--- START ---
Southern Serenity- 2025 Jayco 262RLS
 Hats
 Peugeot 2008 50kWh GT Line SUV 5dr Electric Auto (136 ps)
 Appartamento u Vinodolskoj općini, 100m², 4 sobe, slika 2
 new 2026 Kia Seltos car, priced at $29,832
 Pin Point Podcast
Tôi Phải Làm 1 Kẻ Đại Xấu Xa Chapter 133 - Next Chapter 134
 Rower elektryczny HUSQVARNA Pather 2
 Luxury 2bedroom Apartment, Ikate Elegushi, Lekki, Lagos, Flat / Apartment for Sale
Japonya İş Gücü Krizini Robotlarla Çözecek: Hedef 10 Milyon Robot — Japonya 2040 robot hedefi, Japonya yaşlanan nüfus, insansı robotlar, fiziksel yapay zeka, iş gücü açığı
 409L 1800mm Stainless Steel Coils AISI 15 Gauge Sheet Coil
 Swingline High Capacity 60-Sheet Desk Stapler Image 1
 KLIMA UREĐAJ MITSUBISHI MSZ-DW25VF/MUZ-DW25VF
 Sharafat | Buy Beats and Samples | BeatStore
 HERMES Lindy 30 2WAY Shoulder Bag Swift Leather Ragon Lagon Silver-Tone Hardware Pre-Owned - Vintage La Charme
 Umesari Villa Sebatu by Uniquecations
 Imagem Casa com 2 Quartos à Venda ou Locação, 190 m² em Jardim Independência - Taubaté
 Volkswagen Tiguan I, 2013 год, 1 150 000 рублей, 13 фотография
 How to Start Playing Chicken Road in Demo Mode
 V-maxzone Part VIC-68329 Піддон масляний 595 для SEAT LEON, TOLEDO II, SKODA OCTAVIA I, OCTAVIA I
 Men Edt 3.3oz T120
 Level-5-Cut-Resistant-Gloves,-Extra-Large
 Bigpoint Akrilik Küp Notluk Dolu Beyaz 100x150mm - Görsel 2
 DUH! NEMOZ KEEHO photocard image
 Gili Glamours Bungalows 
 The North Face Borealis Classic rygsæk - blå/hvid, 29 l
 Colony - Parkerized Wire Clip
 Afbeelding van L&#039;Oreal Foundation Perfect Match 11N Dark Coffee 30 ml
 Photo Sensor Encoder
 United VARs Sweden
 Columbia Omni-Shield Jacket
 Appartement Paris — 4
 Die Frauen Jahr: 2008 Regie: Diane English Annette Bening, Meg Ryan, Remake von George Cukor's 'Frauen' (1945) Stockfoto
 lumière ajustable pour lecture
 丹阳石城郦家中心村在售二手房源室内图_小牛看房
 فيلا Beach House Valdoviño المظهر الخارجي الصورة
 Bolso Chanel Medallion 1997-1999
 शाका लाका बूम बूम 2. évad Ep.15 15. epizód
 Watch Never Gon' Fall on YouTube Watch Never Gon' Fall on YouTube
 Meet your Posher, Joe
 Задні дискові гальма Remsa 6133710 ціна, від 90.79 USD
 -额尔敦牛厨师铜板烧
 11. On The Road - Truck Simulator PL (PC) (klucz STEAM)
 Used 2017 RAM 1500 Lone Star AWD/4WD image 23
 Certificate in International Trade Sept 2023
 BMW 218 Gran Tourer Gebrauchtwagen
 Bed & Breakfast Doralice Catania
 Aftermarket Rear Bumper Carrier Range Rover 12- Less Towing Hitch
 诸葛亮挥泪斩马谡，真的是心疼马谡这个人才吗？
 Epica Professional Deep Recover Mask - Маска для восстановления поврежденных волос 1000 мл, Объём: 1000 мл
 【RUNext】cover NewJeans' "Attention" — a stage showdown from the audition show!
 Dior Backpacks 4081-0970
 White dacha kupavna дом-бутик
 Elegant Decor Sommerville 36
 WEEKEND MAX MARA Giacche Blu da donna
--- END ---
-- Prompt --
Beginning with the very first line of the records above, please retype each line through the one that has "Luxury 2bedroom Apartment, Ikate", and add nothing.

-- Response area --
Southern Serenity- 2025 Jayco 262RLS
 Hats
 Peugeot 2008 50kWh GT Line SUV 5dr Electric Auto (136 ps)
 Appartamento u Vinodolskoj općini, 100m², 4 sobe, slika 2
 new 2026 Kia Seltos car, priced at $29,832
 Pin Point Podcast
Tôi Phải Làm 1 Kẻ Đại Xấu Xa Chapter 133 - Next Chapter 134
 Rower elektryczny HUSQVARNA Pather 2
 Luxury 2bedroom Apartment, Ikate Elegushi, Lekki, Lagos, Flat / Apartment for Sale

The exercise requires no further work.